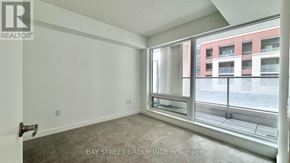 Toronto (Humber Heights) condo for rent - A room with a large window and a view of a red building across the street.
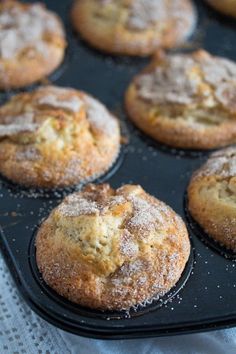 muffins with powdered sugar on top in a baking pan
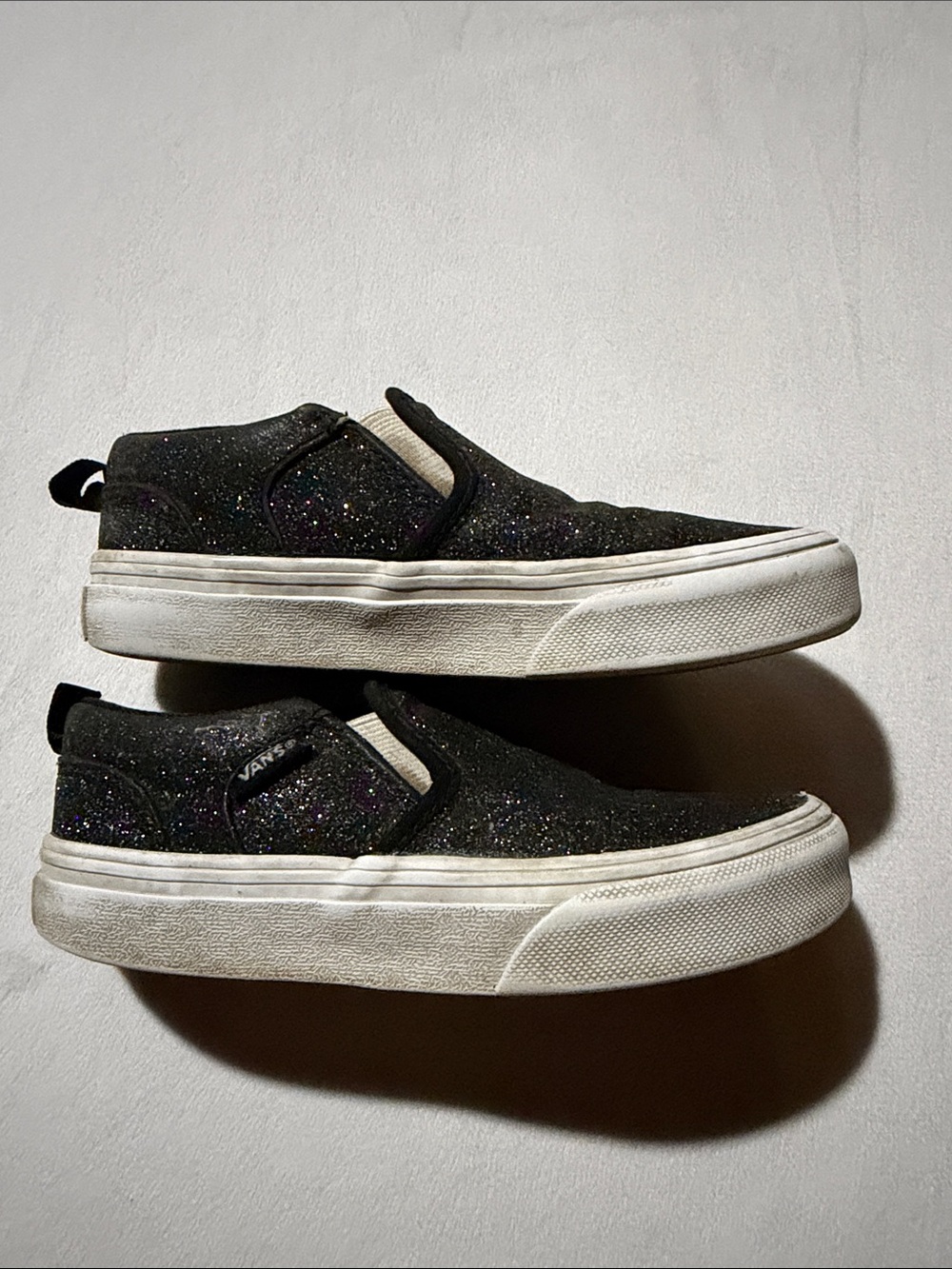 Vans Glitter Slip-On Sneakers in Black and White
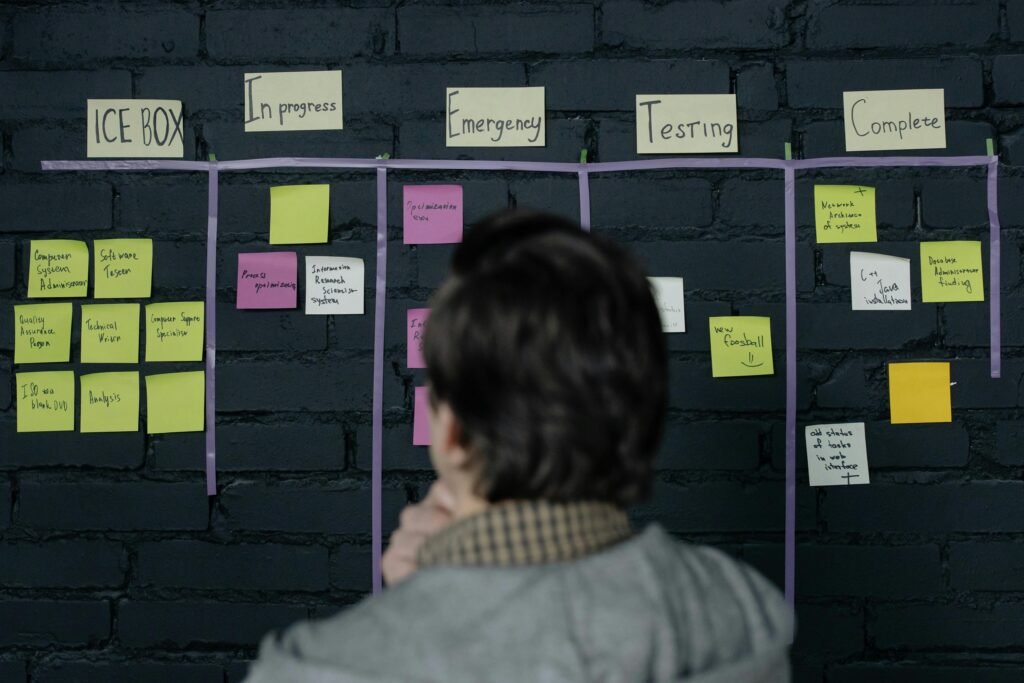 pexels-photo-6804077-6804077 A man in an office reviews a scrum task board filled with sticky notes, planning strategy and organization.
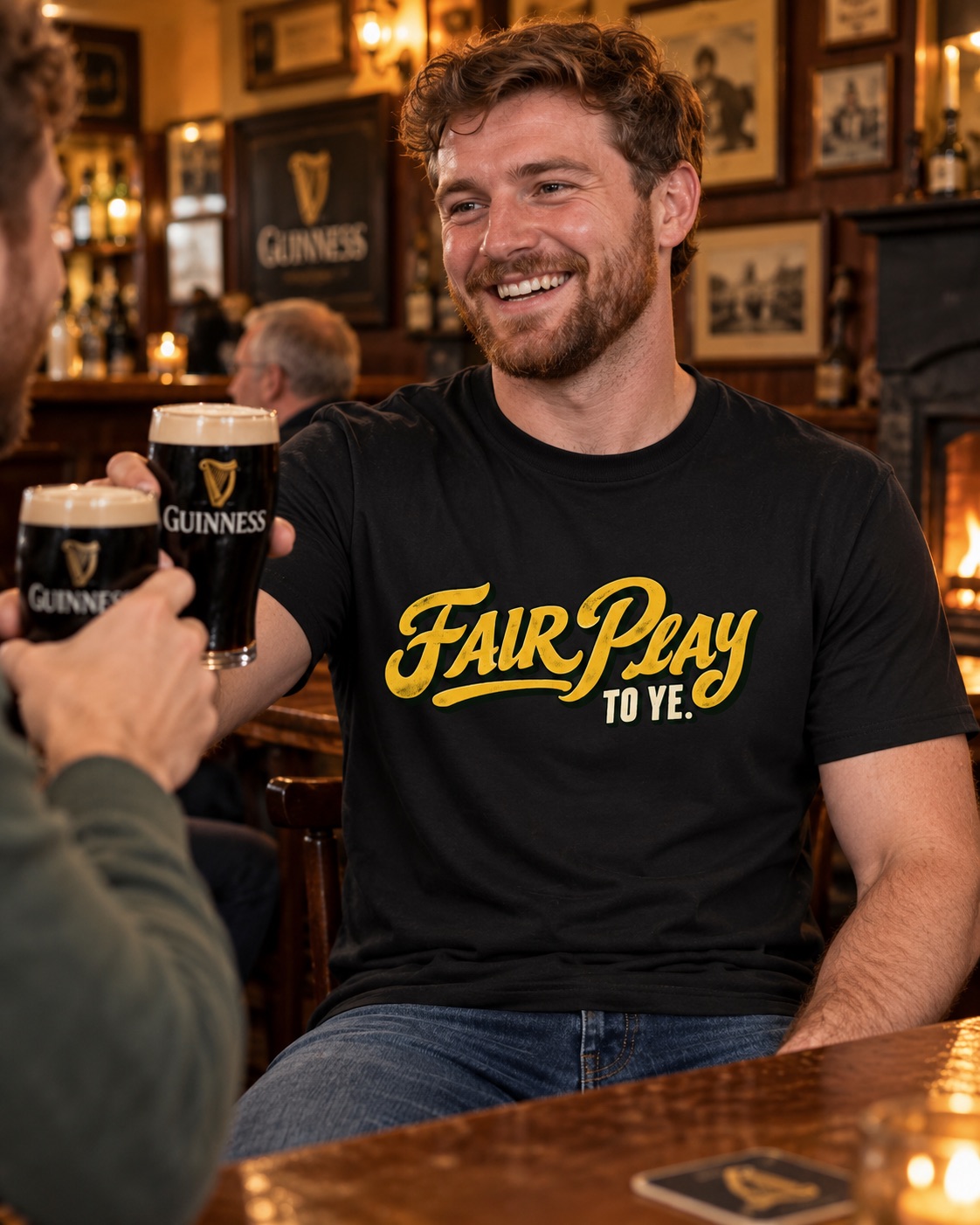 Smiling man wearing black Fair Play To Ye Irish graphic T-shirt while raising a pint of Guinness with a friend in a traditional pub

◆ **Exercise instructions**:
Output, exactly and without pictures, the span of lines that starts at the line containing "pexels-photo-6804077-6804077 A man" and ends at the last line above.

◆ **Exercise result**:
 pexels-photo-6804077-6804077 A man in an office reviews a scrum task board filled with sticky notes, planning strategy and organization.
 Smiling man wearing black Fair Play To Ye Irish graphic T-shirt while raising a pint of Guinness with a friend in a traditional pub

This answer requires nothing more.